* **THE INPUT**:
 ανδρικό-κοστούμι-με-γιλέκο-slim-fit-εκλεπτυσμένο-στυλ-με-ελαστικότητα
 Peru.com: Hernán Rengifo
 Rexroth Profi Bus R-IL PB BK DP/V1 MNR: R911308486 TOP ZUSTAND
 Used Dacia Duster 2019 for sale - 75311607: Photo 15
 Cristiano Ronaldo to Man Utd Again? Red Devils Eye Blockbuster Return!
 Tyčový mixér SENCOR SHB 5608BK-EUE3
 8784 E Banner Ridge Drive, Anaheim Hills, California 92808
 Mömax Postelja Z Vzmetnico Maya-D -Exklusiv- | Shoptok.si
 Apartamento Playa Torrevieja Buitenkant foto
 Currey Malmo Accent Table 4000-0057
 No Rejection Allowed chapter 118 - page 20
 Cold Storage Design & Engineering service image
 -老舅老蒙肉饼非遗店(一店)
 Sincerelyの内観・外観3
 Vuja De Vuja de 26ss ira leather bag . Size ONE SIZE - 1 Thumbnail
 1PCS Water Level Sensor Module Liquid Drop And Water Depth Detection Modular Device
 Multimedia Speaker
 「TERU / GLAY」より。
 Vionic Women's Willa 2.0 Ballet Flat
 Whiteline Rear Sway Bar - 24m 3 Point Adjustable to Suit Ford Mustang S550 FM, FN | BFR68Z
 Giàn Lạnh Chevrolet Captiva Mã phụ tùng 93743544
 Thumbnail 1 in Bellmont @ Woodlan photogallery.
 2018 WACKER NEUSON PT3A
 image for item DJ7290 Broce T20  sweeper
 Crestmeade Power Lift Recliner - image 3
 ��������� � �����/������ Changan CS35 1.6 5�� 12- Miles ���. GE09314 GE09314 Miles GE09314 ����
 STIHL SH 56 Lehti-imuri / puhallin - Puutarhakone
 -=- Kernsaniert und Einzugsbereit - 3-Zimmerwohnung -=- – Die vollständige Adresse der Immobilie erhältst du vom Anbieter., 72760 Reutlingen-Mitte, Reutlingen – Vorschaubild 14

* **TASK ITEM**: From the first line of the data above to the line containing "Sincerelyの内観・外観3", repeat everything exactly and add nothing.

* **TASK RESULT**:
 ανδρικό-κοστούμι-με-γιλέκο-slim-fit-εκλεπτυσμένο-στυλ-με-ελαστικότητα
 Peru.com: Hernán Rengifo
 Rexroth Profi Bus R-IL PB BK DP/V1 MNR: R911308486 TOP ZUSTAND
 Used Dacia Duster 2019 for sale - 75311607: Photo 15
 Cristiano Ronaldo to Man Utd Again? Red Devils Eye Blockbuster Return!
 Tyčový mixér SENCOR SHB 5608BK-EUE3
 8784 E Banner Ridge Drive, Anaheim Hills, California 92808
 Mömax Postelja Z Vzmetnico Maya-D -Exklusiv- | Shoptok.si
 Apartamento Playa Torrevieja Buitenkant foto
 Currey Malmo Accent Table 4000-0057
 No Rejection Allowed chapter 118 - page 20
 Cold Storage Design & Engineering service image
 -老舅老蒙肉饼非遗店(一店)
 Sincerelyの内観・外観3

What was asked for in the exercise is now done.